Muse Image y Muse Video ya están disponibles gratis en la aplicación Meta AI, en Instagram Stories y en WhatsApp. El despliegue llega desde Meta Superintelligence Labs y añade una opción especialmente delicada cuando la cuenta de Instagram es pública.
Etiquetar a otra persona basta para que la IA use sus fotos
Si el perfil es público, cualquier usuario puede escribir un prompt en Meta AI, etiquetar un nombre de usuario y pedir una imagen creada a partir de fotos públicas de esa cuenta, sin permiso explícito. Dicho de otro modo, la puerta no se abre desde quien publica la imagen, sino desde quien decide reutilizarla.
Meta presenta esa posibilidad con una promesa orientada a la creación cotidiana, desde invitaciones personalizadas hasta prototipos colaborativos o gráficos listos para publicar. El mensaje comercial suena práctico, pero el detalle relevante está en otra parte, porque la función permite que la IA trabaje con fotos públicas ajenas.
Ahí aparece la fricción.
Instagram no bloquea este uso por defecto. Para impedirlo, el usuario debe entrar en la configuración y desactivar manualmente los interruptores de Publicaciones y Reels dentro de Compartir y reutilizar, en la sección Permitir que las personas creen contenido con el tuyo y lo reutilicen.
Ese diseño traslada la carga a quien sube las fotos, no a quien quiere reutilizarlas con IA. La lógica recuerda a otros debates recientes sobre control y consentimiento en plataformas que ya analizan imágenes para nuevos fines, como ocurrió con pruebas de análisis visual en Instagram.

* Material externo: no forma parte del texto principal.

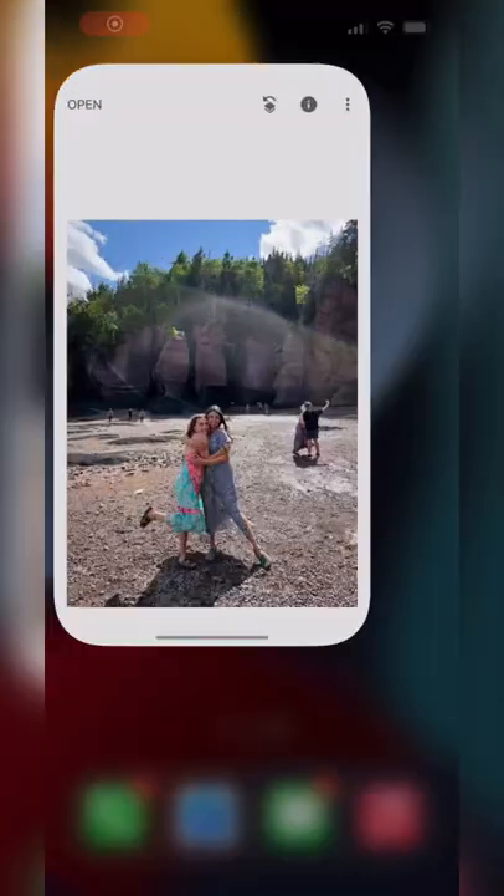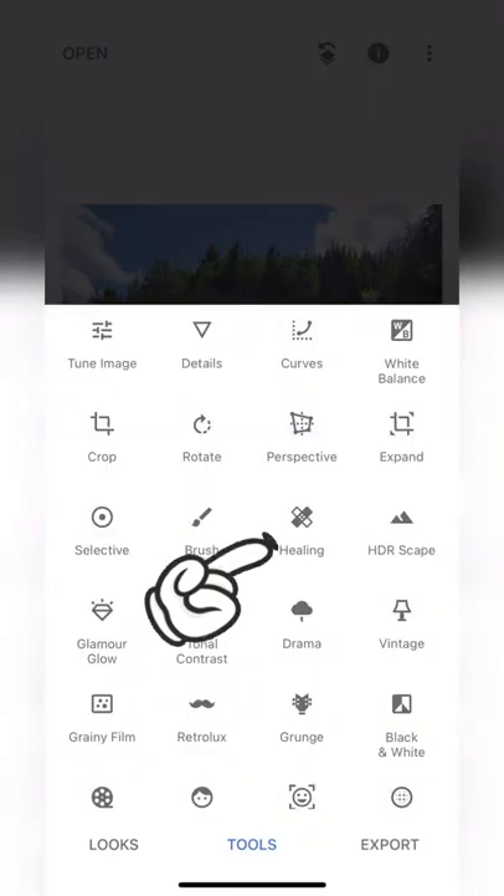Next, open up your photo in Snapseed, which is a free editing app. Go to tools and click on healing.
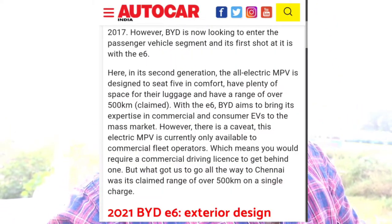The BYD E6 offers around 500+ km on a single charge. For local city usage — as a cab on Ola, for small office setups, or client transport — it makes strong commercial sense. If you run a business within a 500 km range, you can easily cover that distance on one charge.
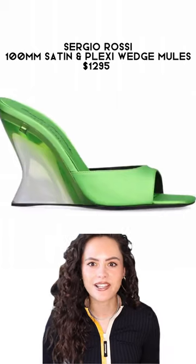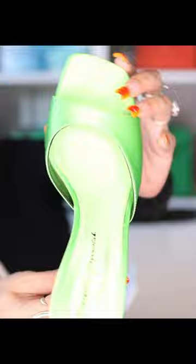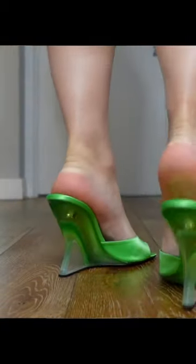I saw these and thought, oh my gosh, perfect — glorious green satin on the front, juicy on the back, what more do you want? So I caved. Look at that little curve, all in this beautiful satin, and then you've got that juicy, delicious heel — oh, scrumptious. These are also shockingly comfortable.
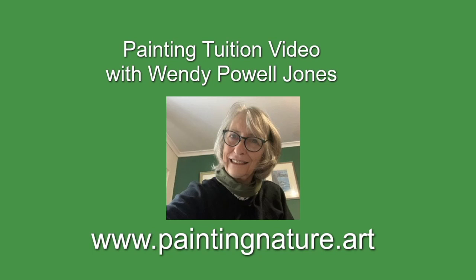Hello, I'm Wendy. Today I'm painting watercolour meadows. It's a step-by-step tutorial for beginners.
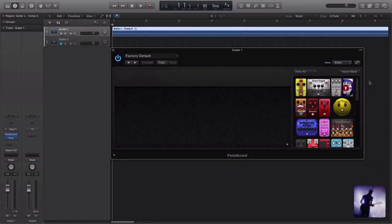In this video we are going to check out some of the new additions to pedalboard in the latest release of Logic Pro. Hey guys, you're here in the studio once again with Luke from GuitaristIQ.com. Thank you so much for sitting in on this video. As you can see, we are here looking at the new interface for the latest release of Logic Pro.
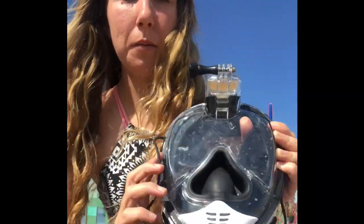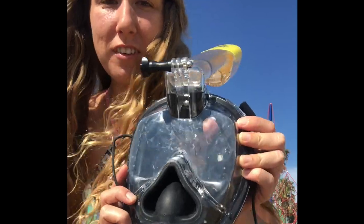I'm going to talk about the features and some common questions about the ninja shark mask. Let's get started. One of the cool features about the ninja shark mask is actually the tube.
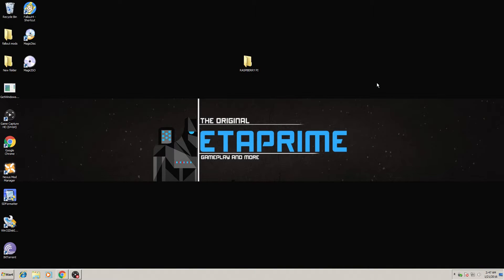Hey, what's going on guys, it's ETA Prime back here again. Today I wanted to show you how to install Raspbian on your Raspberry Pi 1, your Raspberry Pi 2, or your Raspberry Pi 0.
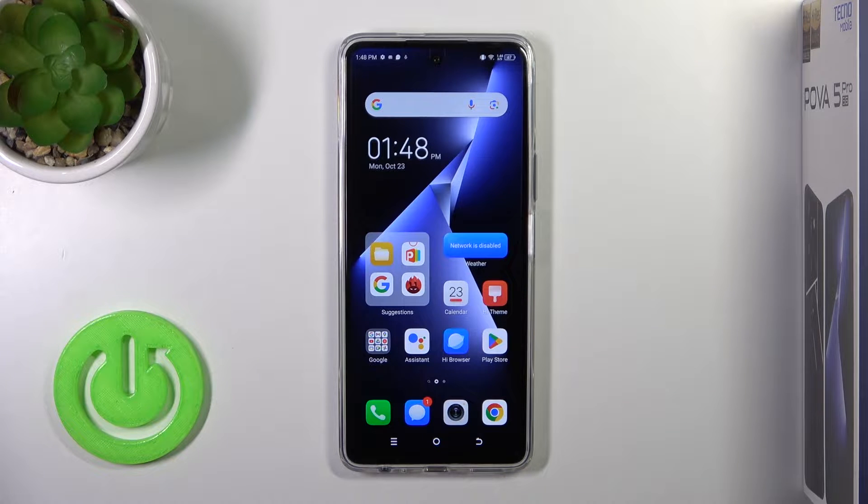Hi, this is the Technopower 5 Pro and I'll show you how to activate Hey Google, the Google Assistant option, on this device.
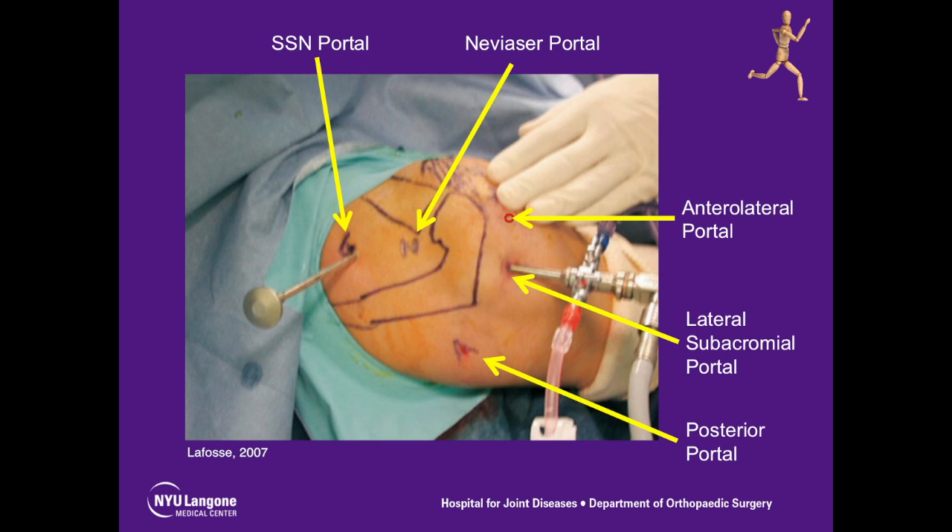We utilized the beach chair position and basically five portals. The standard posterior portal is used for glenohumeral visualization. We use a lateral subacromial portal for visualization, the anterolateral portal for instrumentation and shaving, the Navisier portal to transect the ligament, and the suprascapular nerve portal to aid in visualization of the nerve and the transverse scapular ligament.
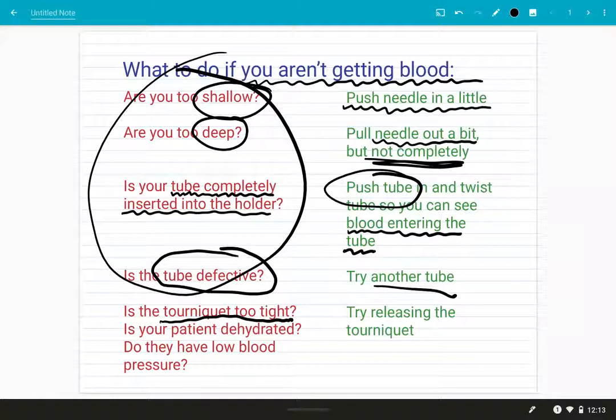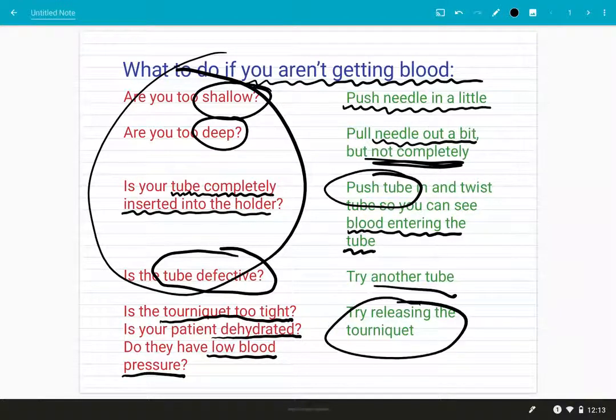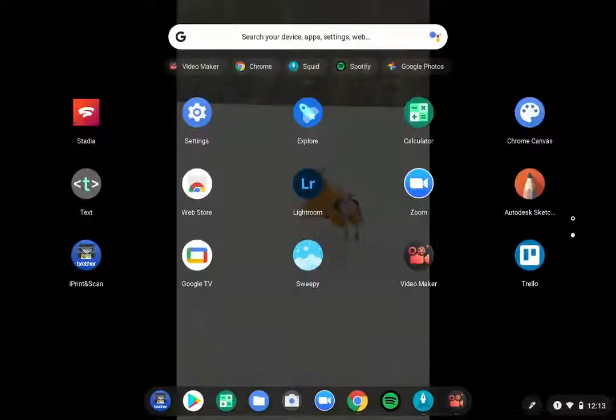Finally, if all of these aren't working, your tourniquet might be on a little too tight. Or if your patient has been giving a lot of blood already that day, or if they're dehydrated, they might just not have a very strong blood flow — especially if they have low blood pressure on top of it. In that case you want to release the tourniquet and see if that will give you some flow. Okay, that is it and I will see you in class tomorrow!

Instagram no avisa cuando alguien crea contenido con tus fotos
La propia ayuda de Instagram añade un dato que muchos usuarios querrían conocer antes de decidir si dejan activadas esas opciones. La plataforma indica que no enviará notificaciones sobre contenido creado usando las opciones de IA en Meta.
Eso significa que una persona puede mantener su cuenta pública, no tocar nunca ese ajuste y tampoco enterarse de que sus fotos han servido para generar otra imagen. En la práctica, la combinación de cuenta pública, reutilización activada por defecto y ausencia de avisos convierte una decisión técnica en una cuestión de visibilidad y control.
No es un caso aislado.
Google Search también almacena contenidos que suben los usuarios, incluidas las búsquedas inversas de imagen, para entrenar sus modelos de inteligencia artificial. La diferencia es de escenario, no de fondo, porque la misma tensión reaparece una y otra vez cuando los servicios digitales convierten acciones ordinarias en datos útiles para entrenar o producir sistemas automáticos.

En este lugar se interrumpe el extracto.